Minutes - TRIPS Council - View details of the intervention/statement

H.E. Ambassador Dr. Walter Werner
521.   Colombia is extremely interested in the promotion and development of the creative industry, which is why it issued Law No. 1834 of 2017 promoting the creative economy (Ley Naranja – Orange Law), presented under agenda item 1. Our interest is justified, because "the creative and cultural industries reportedly generate revenues of USD 2.250 billion and 29.5 million jobs worldwide, employing approximately 1% of the active population". In Latin America and the Caribbean, estimates suggest that the creative industries generate USD 124 billion worth of revenue, or 2.2% of the regional GDP (Ernst & Young, 2015). 522.   The "orange" sectors of Colombia include activities that are different from those of the great creative economies of the world capitals. Opting to "squeeze the orange" may help to solve the country's production and employment challenges. Colombia has an enormous potential for developing the orange economy, linked with the need to take advantage of the demographic dividend (Buitrago & Duque, 2013). The development and consolidation of the creative sectors is essential to generate employment and value added, transform production, increase competitiveness and boost exports, and attract foreign direct investment (FDI) (Duque, 2018; Benavente & Grazzi, 2017). 523.   The development of the creative economies will bring benefits to the rest of the economy, including tourism. Creativity and design, being closely linked to innovation, contribute to the proliferation of new ideas and increase the probability of their reaching the business and marketing stages (Hollanders & Cruysen, 2009). 524.   Colombia's policy to harness the potential of the orange economy will be conducted on three fronts:  Establishment of an institutional environment conducive to the development and consolidation of the orange economy and the consolidation of information on the different sectors of the orange economy;  Development of the necessary conditions and public goods for the different sectors of the orange economy and the so-called Orange Development Areas (ADN). This includes human capital development for the orange economy, protection and promotion of intellectual property, financing mechanisms, and stimulation of domestic consumption and exports of orange economy goods and services; and  The development of tools to help generate "orange value added" transversally throughout the Colombian production system.

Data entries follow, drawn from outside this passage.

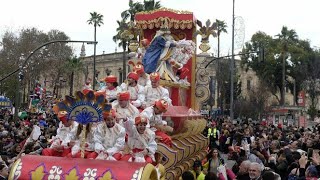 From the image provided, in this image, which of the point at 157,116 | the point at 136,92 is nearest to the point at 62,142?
the point at 157,116

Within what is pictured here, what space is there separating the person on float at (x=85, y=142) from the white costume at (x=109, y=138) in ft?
0.32

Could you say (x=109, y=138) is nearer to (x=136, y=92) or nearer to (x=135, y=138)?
(x=135, y=138)

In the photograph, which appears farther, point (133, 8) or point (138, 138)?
point (133, 8)

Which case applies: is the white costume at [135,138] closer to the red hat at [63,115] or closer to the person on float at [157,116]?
the red hat at [63,115]

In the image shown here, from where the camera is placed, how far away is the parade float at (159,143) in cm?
718

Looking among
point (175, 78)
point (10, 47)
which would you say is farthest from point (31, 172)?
point (10, 47)

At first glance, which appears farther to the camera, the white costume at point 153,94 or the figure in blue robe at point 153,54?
the figure in blue robe at point 153,54

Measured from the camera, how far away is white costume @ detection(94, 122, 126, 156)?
809 cm

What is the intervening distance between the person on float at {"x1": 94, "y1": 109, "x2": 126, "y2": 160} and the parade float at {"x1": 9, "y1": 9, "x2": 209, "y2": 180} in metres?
0.62

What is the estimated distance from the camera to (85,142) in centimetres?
808

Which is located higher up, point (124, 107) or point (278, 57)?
point (278, 57)

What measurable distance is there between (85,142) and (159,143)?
226 cm

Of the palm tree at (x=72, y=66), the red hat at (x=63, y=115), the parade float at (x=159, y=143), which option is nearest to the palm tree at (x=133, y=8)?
the palm tree at (x=72, y=66)

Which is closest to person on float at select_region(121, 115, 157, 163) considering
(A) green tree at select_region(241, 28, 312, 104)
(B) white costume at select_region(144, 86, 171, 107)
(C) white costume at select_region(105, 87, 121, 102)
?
(C) white costume at select_region(105, 87, 121, 102) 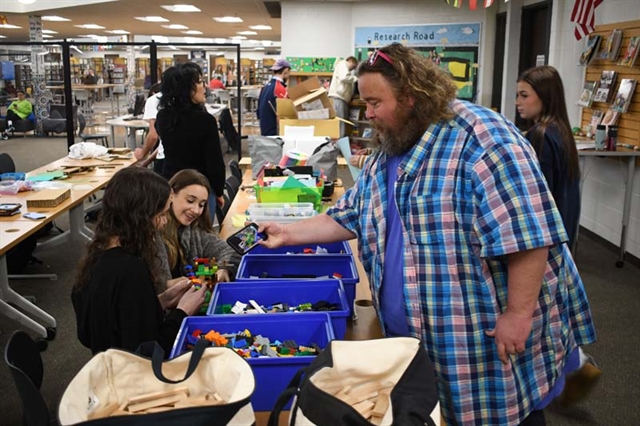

The Council took note of the statements made.
50.   The Chair said that the item "Intellectual Property and Innovation: The Societal Value of IP in the New Economy – IP and New Business" had been put on the agenda at the written request by the delegations of Australia; the European Union; Japan; Switzerland; the Separate Customs Territory of Taiwan, Penghu, Kinmen and Matsu; and the United States of America. Since the circulation of the revised draft agenda, Brazil had co-sponsored the item. Those delegations had also submitted a communication on this topic (circulated in document IP/C/W/648 and addendum) to allow Members to prepare for the discussion.
51.   The representatives of the United States of America, Switzerland, Australia, Chile, Japan, the European Union, Norway, Brazil, Singapore, India, Chinese Taipei, Canada, China, South Africa and Colombia took the floor.
52.   The Council took note of the statements made.